Fung Ket Win has not been able to prove that Harris Salleh has 70% of the land in Labuan. It need not mean that the statement is false. At the moment, it is merely unproven.
We find it most unfair however, if Fung Ket Wing is to be reprimanded for falling to prove 70% statement, while Harris Salleh gets scotfree when he is also unable to prove that he has not more than 2% of landownership in Labuan.
In the Fung Ket Wing –Harris Salleh case, Fung Ket Wing is performing a public and national service, to throw the glare of public scrutiny on government actions to ensure greater accountability and higher ethical standards.
The person who is really on trial is Harris Salleh, and I am afraid he has not emerged from it with intact.

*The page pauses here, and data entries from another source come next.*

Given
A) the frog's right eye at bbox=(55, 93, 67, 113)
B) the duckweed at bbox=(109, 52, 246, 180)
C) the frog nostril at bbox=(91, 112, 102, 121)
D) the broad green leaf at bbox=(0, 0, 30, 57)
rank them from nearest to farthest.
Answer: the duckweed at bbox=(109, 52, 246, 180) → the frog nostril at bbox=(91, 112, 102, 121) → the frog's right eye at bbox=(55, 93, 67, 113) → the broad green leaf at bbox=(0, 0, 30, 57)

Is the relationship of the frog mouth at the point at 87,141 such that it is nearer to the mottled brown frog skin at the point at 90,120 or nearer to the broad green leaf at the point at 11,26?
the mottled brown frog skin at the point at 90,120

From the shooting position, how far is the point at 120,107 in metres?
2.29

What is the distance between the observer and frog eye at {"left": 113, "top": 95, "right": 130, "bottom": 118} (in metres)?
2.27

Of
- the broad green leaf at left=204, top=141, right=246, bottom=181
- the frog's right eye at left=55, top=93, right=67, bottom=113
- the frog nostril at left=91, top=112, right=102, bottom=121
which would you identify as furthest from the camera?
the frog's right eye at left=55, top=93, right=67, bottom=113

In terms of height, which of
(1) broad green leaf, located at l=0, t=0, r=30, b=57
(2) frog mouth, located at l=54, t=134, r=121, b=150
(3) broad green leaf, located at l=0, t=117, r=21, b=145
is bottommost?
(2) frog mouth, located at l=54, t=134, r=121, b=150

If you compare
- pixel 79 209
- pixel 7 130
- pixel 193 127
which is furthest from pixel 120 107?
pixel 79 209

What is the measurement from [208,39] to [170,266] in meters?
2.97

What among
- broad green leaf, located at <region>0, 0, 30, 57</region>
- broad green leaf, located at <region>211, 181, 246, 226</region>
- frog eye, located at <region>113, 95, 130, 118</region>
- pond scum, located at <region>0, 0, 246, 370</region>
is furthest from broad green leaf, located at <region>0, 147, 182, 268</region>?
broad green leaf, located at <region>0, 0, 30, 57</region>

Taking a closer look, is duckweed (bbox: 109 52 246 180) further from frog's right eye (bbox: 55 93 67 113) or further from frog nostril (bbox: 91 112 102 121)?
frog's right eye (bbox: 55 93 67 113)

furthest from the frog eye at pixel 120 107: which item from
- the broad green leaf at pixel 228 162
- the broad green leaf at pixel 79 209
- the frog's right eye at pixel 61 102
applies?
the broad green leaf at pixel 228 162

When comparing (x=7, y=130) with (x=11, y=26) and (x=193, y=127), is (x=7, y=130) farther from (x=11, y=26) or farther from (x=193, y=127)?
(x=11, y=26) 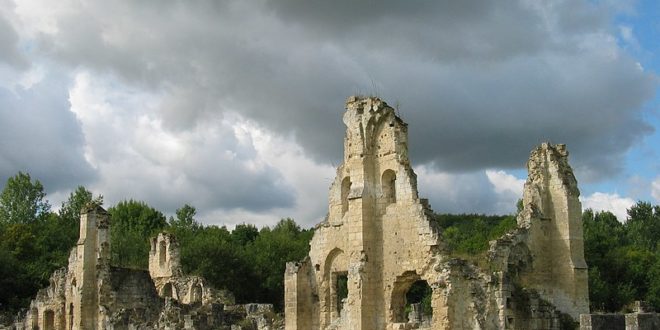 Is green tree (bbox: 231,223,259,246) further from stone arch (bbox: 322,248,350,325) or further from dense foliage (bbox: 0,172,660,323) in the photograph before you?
stone arch (bbox: 322,248,350,325)

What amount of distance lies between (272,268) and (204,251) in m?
4.54

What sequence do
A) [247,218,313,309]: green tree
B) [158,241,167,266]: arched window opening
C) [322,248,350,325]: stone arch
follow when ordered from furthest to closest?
[247,218,313,309]: green tree
[158,241,167,266]: arched window opening
[322,248,350,325]: stone arch

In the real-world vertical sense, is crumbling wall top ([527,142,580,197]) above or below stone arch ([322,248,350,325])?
above

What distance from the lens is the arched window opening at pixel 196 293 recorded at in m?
32.2

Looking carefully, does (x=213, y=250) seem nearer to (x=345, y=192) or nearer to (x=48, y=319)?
(x=48, y=319)

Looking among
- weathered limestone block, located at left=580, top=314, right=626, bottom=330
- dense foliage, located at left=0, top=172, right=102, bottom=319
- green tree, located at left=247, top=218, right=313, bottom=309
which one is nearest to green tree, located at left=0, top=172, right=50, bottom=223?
dense foliage, located at left=0, top=172, right=102, bottom=319

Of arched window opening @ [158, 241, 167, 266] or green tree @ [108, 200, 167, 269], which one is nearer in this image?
arched window opening @ [158, 241, 167, 266]

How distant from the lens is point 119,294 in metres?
32.9

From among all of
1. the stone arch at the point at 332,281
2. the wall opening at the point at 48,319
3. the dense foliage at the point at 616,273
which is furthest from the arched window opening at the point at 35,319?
the dense foliage at the point at 616,273

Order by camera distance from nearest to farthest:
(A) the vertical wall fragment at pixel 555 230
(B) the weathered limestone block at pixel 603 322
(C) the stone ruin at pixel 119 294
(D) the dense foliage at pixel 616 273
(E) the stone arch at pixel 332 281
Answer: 1. (B) the weathered limestone block at pixel 603 322
2. (E) the stone arch at pixel 332 281
3. (A) the vertical wall fragment at pixel 555 230
4. (C) the stone ruin at pixel 119 294
5. (D) the dense foliage at pixel 616 273

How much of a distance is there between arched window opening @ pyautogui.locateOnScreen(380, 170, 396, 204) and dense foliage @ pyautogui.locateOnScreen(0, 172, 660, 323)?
1420 centimetres

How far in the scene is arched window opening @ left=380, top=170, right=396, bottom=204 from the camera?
2330cm

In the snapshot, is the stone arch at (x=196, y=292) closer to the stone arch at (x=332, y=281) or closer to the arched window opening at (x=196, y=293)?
the arched window opening at (x=196, y=293)

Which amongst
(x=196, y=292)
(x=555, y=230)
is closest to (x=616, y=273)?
(x=555, y=230) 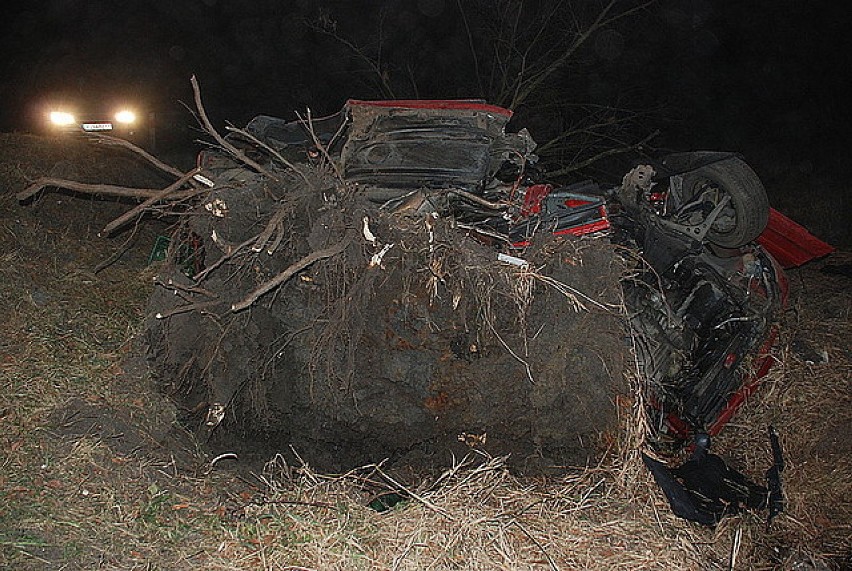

He had the excellent opportunity to show not only to the Privileges Committee, Parliament, but the people of Sabah and Malaysia that he is political leader of integrity who has nothing to hide, by throwing open all his properties, whether held in his name, or through compnies with shares or nominess, to prove that he dare to withstand the fullest and the most minute public examination for his deeds as Chief Minister of Sabah.
Before I conclude, I call on the Anti-Corruption Agency to investigate and if there is basis, to arrest and prosecute, Datuk Harris Salleh for breach of Sabah Constitution Article 6(5) in continuing to get involved in commercial enterprise by remaining as Director of Dua Bersaudara Sdn.Bhd and Empat Bersaudara Sdn.Bhd. and for his removal as Sabah State Chief Minister.